Exercise aim: Output exactly the lines below, starting with the line that has "Fashion Youth Girls" and going on through the line that has "Bic Wite Out", both included, and no other lines.

═══ Supplied data ═══

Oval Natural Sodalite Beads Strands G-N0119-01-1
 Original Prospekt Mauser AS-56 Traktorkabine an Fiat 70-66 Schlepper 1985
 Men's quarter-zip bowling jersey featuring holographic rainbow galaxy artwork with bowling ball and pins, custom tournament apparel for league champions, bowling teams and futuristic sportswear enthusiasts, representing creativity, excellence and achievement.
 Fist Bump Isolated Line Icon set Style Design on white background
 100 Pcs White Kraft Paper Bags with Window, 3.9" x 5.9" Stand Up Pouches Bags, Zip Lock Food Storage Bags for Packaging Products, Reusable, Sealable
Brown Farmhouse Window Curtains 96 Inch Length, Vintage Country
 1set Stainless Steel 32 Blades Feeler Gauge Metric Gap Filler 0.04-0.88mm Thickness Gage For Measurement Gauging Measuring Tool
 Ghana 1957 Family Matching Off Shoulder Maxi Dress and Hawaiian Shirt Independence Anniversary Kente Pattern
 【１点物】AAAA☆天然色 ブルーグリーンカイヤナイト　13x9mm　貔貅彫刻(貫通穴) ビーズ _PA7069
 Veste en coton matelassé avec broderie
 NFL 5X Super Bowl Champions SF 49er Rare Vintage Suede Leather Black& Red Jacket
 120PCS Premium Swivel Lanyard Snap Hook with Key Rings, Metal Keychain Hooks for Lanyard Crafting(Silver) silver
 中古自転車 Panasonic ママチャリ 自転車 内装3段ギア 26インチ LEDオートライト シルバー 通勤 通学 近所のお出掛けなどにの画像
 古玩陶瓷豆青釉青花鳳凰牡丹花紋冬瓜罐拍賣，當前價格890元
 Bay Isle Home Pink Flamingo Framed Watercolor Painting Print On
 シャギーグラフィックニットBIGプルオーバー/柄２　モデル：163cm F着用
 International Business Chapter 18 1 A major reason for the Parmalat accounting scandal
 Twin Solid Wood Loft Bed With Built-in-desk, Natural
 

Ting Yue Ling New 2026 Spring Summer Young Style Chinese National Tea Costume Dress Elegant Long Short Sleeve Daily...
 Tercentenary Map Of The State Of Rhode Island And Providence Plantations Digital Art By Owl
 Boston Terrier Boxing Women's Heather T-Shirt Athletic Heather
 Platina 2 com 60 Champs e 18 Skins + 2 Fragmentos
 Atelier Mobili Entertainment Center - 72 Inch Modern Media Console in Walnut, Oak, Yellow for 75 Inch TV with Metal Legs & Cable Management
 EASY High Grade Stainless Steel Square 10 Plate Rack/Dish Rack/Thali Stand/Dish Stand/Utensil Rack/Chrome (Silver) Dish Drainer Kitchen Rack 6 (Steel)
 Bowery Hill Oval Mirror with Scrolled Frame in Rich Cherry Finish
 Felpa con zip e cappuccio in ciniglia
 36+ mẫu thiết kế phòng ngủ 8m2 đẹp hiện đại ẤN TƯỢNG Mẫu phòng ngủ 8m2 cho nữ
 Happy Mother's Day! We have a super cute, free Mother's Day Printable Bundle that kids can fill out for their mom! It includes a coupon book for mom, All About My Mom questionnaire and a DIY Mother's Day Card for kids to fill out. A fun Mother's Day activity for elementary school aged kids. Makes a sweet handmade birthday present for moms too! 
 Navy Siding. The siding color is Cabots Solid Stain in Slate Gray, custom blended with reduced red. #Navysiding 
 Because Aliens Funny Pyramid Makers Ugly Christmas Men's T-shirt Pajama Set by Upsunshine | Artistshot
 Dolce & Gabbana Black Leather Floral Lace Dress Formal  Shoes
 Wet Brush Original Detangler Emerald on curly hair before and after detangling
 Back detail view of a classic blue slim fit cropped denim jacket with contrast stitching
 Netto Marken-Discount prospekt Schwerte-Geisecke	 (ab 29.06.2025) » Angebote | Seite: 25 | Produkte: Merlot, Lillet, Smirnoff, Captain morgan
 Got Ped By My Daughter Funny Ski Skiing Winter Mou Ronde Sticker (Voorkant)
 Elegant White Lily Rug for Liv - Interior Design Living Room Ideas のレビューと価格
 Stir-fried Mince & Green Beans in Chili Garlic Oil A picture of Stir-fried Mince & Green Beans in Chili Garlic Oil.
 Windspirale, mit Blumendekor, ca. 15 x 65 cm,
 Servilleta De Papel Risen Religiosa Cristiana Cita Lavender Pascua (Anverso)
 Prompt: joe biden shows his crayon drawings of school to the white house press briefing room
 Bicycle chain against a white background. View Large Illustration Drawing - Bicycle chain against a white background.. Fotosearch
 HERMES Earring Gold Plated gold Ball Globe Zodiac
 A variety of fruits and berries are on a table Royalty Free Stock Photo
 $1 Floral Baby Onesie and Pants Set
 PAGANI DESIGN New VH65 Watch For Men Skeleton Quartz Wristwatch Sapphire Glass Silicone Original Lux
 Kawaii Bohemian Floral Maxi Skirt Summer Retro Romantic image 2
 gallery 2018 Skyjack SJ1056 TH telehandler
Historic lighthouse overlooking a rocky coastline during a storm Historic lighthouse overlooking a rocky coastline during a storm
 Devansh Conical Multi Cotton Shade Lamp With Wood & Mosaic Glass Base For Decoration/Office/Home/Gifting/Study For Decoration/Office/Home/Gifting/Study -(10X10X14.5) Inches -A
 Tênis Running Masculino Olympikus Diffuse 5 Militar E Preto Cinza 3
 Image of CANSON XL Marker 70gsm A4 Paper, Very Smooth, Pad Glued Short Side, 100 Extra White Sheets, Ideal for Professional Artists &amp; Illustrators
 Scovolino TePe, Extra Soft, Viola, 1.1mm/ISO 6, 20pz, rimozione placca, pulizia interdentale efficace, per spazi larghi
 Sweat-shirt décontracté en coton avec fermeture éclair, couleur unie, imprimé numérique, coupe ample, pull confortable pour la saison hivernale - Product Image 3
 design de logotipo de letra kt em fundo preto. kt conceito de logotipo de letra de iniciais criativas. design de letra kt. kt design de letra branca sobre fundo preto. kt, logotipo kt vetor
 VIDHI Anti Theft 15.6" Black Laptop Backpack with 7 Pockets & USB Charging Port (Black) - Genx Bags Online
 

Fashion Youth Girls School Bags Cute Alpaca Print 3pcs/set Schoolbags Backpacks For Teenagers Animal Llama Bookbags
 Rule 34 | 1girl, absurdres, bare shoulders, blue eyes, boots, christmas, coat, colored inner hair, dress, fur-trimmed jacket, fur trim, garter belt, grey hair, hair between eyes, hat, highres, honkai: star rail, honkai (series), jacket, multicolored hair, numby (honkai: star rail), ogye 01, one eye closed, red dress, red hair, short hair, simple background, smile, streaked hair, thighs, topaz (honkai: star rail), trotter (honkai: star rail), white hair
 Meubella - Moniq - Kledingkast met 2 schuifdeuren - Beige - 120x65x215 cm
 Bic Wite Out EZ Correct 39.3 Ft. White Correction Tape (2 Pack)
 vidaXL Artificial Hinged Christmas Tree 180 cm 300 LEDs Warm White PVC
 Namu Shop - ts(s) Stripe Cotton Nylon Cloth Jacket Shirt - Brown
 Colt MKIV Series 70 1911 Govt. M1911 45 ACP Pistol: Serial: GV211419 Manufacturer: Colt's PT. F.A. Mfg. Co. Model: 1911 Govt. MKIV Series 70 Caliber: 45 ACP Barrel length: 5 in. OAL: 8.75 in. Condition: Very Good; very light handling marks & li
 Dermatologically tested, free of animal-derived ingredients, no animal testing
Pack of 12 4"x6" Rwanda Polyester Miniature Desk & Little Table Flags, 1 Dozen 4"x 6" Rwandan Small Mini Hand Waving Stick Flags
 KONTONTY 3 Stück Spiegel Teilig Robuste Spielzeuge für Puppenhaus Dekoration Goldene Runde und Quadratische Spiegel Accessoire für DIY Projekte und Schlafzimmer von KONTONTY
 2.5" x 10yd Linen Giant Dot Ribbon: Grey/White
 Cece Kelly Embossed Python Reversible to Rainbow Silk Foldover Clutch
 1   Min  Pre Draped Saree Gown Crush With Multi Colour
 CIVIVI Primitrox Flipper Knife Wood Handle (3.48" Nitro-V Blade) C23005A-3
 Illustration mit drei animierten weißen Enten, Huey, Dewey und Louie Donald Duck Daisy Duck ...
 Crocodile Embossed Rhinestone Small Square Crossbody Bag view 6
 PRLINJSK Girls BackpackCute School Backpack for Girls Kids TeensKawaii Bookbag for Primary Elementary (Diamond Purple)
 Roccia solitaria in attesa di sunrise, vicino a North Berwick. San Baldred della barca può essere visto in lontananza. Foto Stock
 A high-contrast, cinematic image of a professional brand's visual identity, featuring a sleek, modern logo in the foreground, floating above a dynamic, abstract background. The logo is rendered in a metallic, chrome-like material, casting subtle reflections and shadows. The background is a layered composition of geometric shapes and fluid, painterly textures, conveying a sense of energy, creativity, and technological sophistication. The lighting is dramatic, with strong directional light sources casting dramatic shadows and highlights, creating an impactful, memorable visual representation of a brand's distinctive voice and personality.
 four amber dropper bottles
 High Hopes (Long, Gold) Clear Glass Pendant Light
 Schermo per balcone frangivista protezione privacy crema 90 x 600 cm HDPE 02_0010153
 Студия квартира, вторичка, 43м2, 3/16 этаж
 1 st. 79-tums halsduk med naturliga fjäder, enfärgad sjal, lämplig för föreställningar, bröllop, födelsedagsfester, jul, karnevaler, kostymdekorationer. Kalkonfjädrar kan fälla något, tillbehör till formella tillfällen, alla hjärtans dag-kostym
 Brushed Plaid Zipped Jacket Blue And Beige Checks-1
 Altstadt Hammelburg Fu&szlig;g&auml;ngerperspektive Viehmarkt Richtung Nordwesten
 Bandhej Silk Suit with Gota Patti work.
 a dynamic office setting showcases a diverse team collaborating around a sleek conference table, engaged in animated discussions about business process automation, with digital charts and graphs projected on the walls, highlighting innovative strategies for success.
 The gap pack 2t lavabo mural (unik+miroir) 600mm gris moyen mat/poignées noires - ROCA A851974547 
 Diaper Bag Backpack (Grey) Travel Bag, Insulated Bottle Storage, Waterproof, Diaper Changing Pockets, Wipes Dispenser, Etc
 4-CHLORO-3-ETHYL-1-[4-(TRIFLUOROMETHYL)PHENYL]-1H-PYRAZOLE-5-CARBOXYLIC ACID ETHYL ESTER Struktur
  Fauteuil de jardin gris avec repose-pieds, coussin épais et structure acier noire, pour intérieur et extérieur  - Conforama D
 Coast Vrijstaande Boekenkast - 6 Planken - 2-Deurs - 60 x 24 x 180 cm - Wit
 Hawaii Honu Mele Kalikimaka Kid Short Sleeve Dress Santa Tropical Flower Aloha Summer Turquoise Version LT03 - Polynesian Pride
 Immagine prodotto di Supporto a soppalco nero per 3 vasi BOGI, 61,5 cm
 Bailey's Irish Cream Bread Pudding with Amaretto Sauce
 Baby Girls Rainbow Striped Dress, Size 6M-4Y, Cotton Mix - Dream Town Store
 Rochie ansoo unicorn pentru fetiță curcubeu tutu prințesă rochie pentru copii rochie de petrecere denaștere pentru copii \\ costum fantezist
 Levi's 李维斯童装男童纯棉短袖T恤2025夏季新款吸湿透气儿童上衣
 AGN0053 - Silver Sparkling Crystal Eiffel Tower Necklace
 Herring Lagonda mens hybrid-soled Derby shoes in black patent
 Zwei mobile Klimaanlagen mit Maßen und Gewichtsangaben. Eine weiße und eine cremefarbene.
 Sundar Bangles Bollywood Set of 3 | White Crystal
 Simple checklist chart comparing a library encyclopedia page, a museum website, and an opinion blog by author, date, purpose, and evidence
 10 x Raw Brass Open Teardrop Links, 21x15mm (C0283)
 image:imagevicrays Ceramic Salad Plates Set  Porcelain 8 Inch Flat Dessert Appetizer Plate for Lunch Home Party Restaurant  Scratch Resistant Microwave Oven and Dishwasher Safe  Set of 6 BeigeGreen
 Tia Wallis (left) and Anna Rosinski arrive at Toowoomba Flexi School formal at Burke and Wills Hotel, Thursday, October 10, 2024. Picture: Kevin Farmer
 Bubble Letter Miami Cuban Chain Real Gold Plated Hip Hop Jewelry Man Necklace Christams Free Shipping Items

═══

Output for this task:
Fashion Youth Girls School Bags Cute Alpaca Print 3pcs/set Schoolbags Backpacks For Teenagers Animal Llama Bookbags
 Rule 34 | 1girl, absurdres, bare shoulders, blue eyes, boots, christmas, coat, colored inner hair, dress, fur-trimmed jacket, fur trim, garter belt, grey hair, hair between eyes, hat, highres, honkai: star rail, honkai (series), jacket, multicolored hair, numby (honkai: star rail), ogye 01, one eye closed, red dress, red hair, short hair, simple background, smile, streaked hair, thighs, topaz (honkai: star rail), trotter (honkai: star rail), white hair
 Meubella - Moniq - Kledingkast met 2 schuifdeuren - Beige - 120x65x215 cm
 Bic Wite Out EZ Correct 39.3 Ft. White Correction Tape (2 Pack)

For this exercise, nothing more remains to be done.